David opened by saying that he sometimes hears that “open data” is a threat to journalism, as it takes away one of the vital fact-seeking components of the job. This argument misses the point, he said: “People have always been able to find out about things”. The role of a news organisation, particularly at local level has always been to tell people interesting stuff they might not have known about. Making more raw data available in public wasn’t going to fundamentally change that.

He also identified the risk of a “look at me” culture, saying that whilst putting data on a chart could be fun, you had to make sure that you were still telling a story that was useful to the reader.

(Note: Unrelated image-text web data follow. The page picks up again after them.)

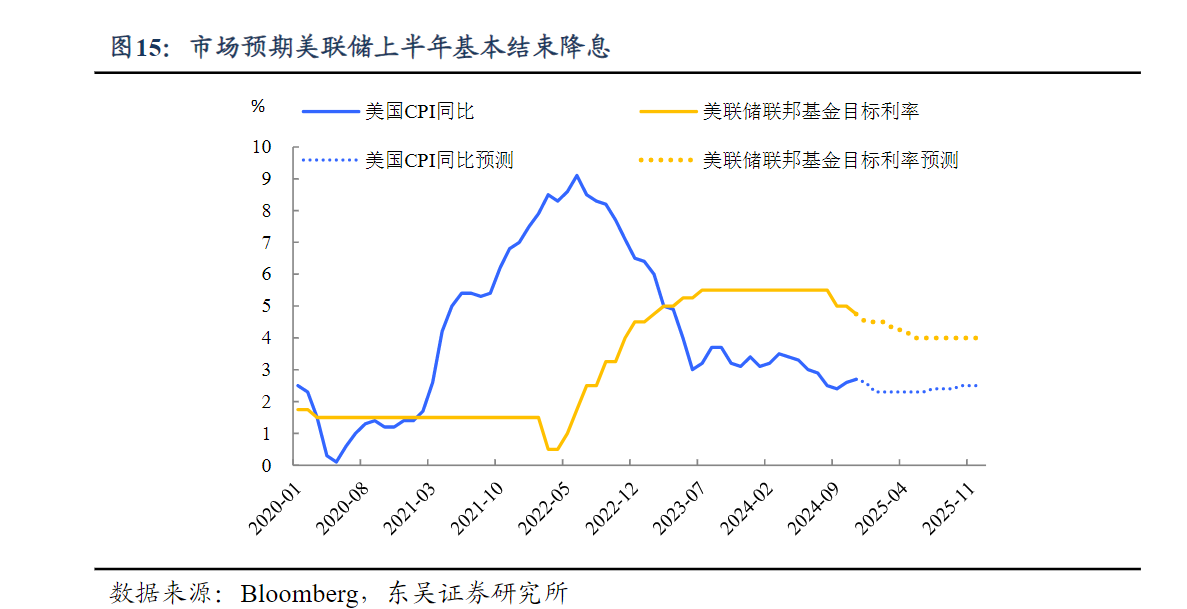 2025年港股：机构预计有望反弹 消费与红利股或成市场热点图2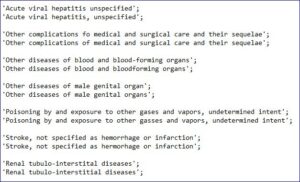 Sifting through AHS Data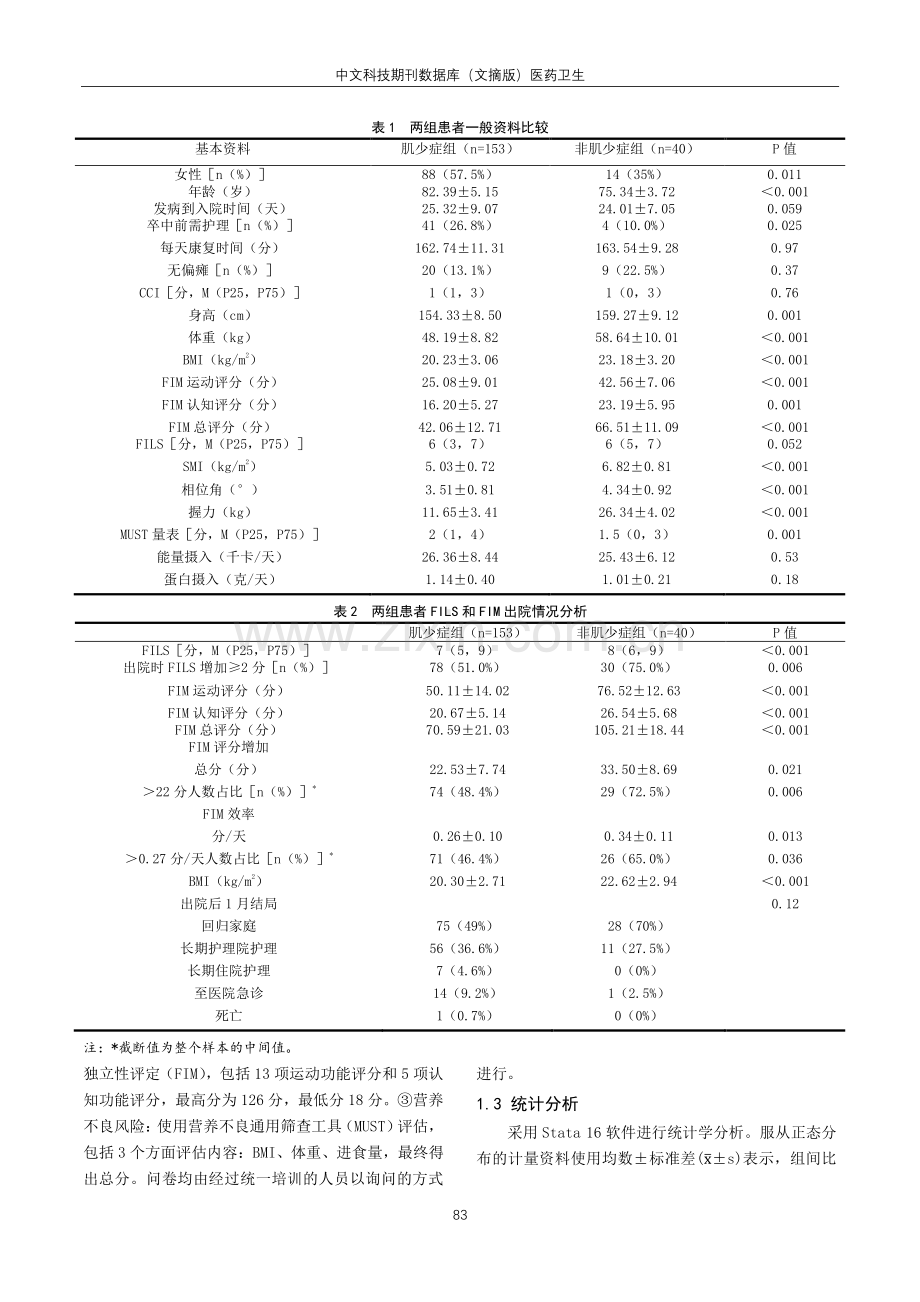 肌少症对老年人脑梗死合并吞咽功能障碍的影响.pdf_第2页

David criticised those who say that data journalism is “easy journalism” because “the charts update themselves”. He argued that you shouldn’t underestimate the complexity in processing data before it can be publish. “If you thought working with PDFs is hard”, he said, “you should try dealing with a council who issue their data as JPG images”.

Paul Bradshaw

Opening his talk with a quote about how technology has always been seen as a threat to newspapers, Paul explained that people thought the invention of the telegraph would destroy them, as people would now be able to find out “the truth”.

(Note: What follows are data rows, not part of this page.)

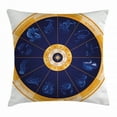 thumbnail image 1 of Astrology Throw Pillow Cushion Cover, Natal Birth Chart Zodiac Horoscope Signs in Wheel Shape with Dots Stars, Decorative Square Accent Pillow Case, 24 X 24 Inches, Blue White and Gold, by Ambesonne, 1 of 2
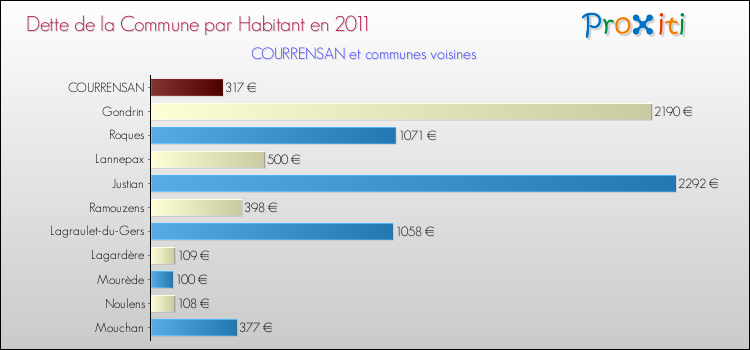 Dette par habitant de la commune en 2011 pour COURRENSAN et les communes proches Comparaison de la dette par habitant de la commune en 2011 pour COURRENSAN et les communes voisines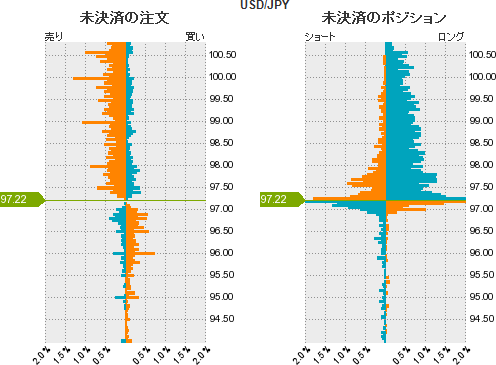 ドル円戦略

He feels it is easy to get distracted by the fact that there are a myriad of data processing tools out there now that journalists can use, as if they will do the job of story-telling by themselves. The sheer scale of the data available was making computers a vital part of the process. Paul pointed out that the pertinent Watergate documents were about 2 million words, whereas the recent Wikileaks data dumps were more in the region of 200 million words.

Paul also added that it was a misconception to think of “data” as just numbers. In a digital world, he said, text, audio and video are all rendered as zeroes and ones, and so you can use the same interrogation techniques on them.

He ended with a call for openness in publishing that I wholeheartedly agree with. He said that in order to hold power to account in a connected digital world, it was a journalistic responsibility to make data searchable, findable and linkable.

Data lacks context. Journalism, at least good journalism, puts that data into a human context that makes it meaningful. Until computers get a whole lot smarter then they are today, data will not be replacing journalism any time soon.